§ What to produce:
Exact copy, pictures excluded: the lines from the one containing "ANTIGUO CONVENTO DE" to the end of the listing.

§ Source material:
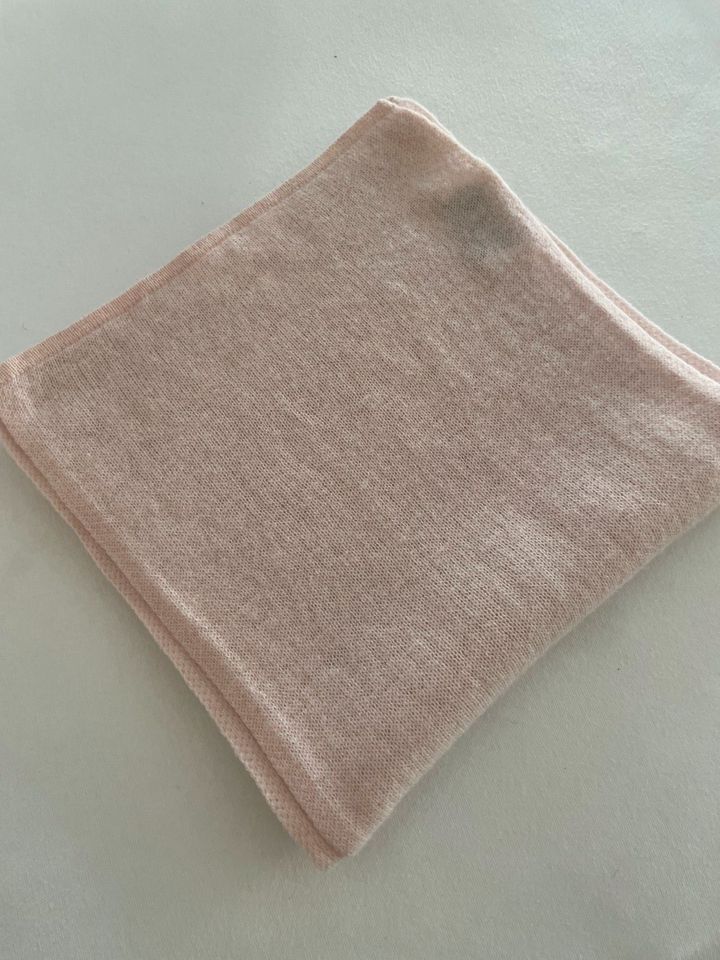 Schal Herzensangelegenheit 100 % Kaschmir Cashmere, rose, 139 Eur in Kirchheim bei München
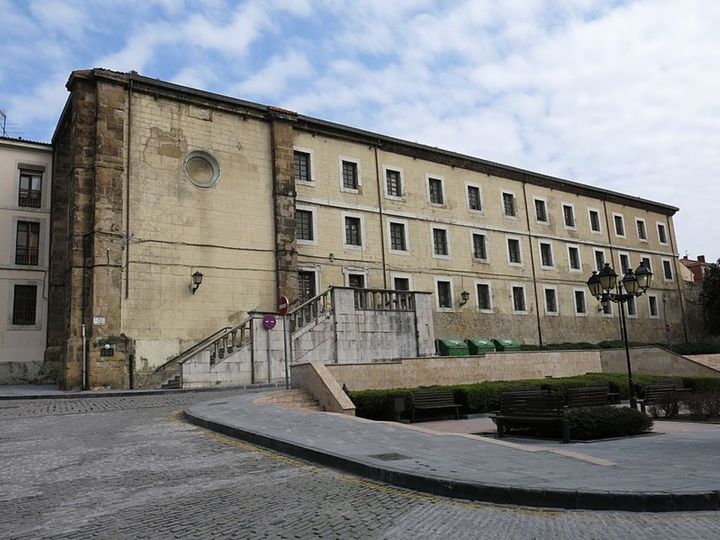 ANTIGUO CONVENTO DE LAS AGUSTINAS RECOLETAS EN GIJÓN (1669), TRAS LA DESAMORTIZACIÓN DEDICADO A FÁBRICA DE TABACOS (1843-2002).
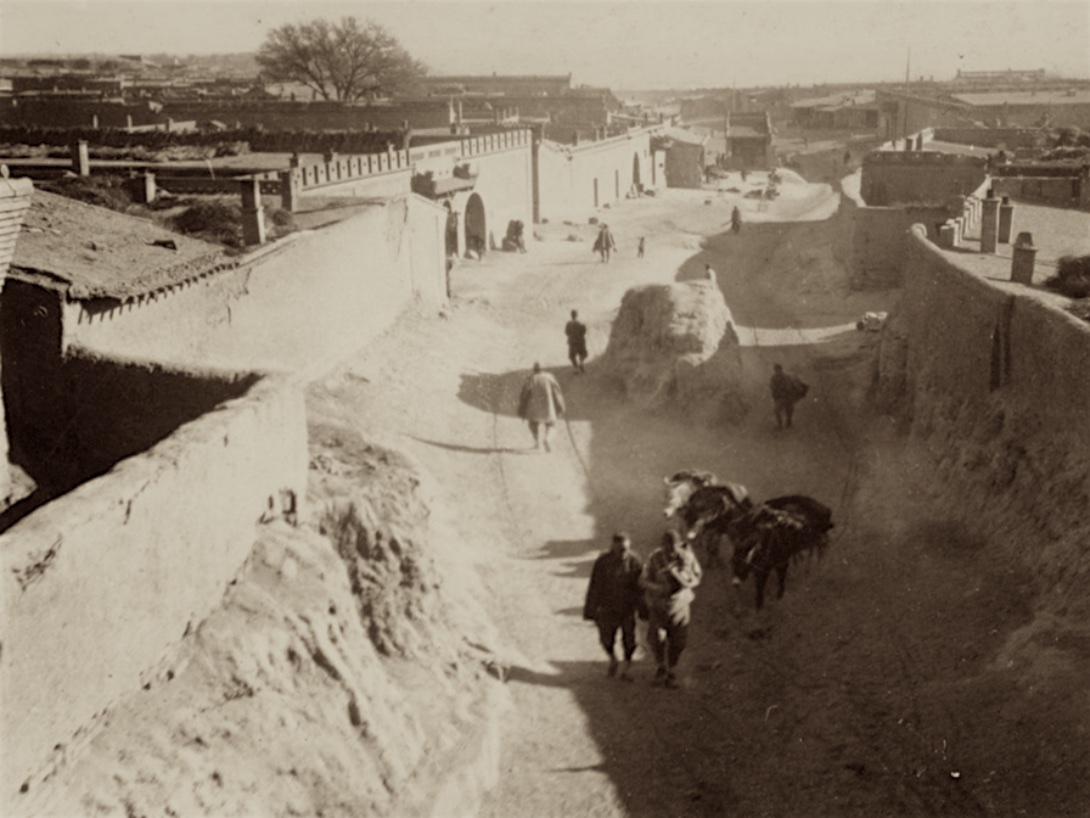 民国二年(1914年)1月,设绥远特别区,原归绥道12县,归化城土默特左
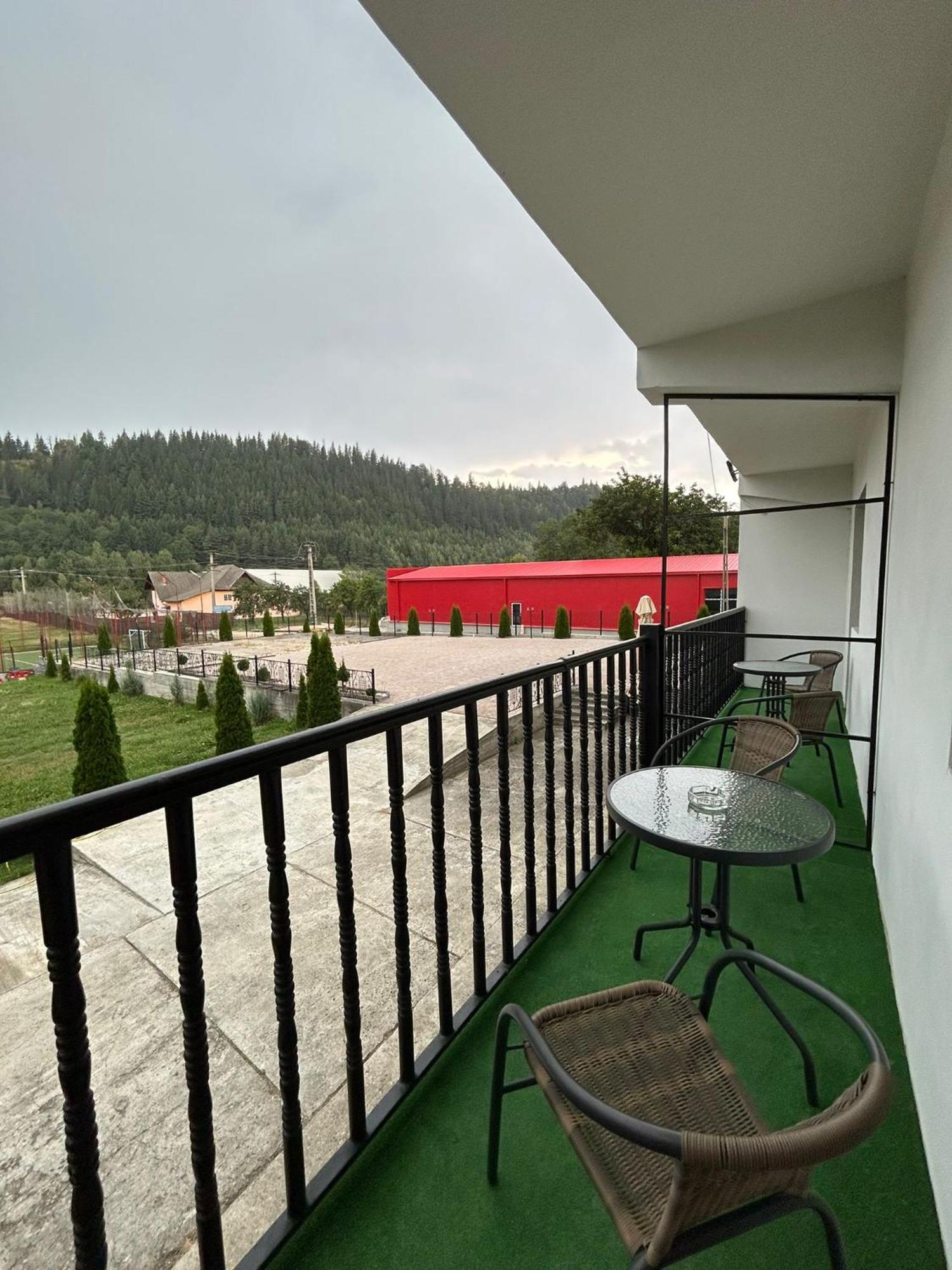 Hotel Complex Zeus Leresti Esterno foto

§ Finished exercise:
 ANTIGUO CONVENTO DE LAS AGUSTINAS RECOLETAS EN GIJÓN (1669), TRAS LA DESAMORTIZACIÓN DEDICADO A FÁBRICA DE TABACOS (1843-2002).
 民国二年(1914年)1月,设绥远特别区,原归绥道12县,归化城土默特左
 Hotel Complex Zeus Leresti Esterno foto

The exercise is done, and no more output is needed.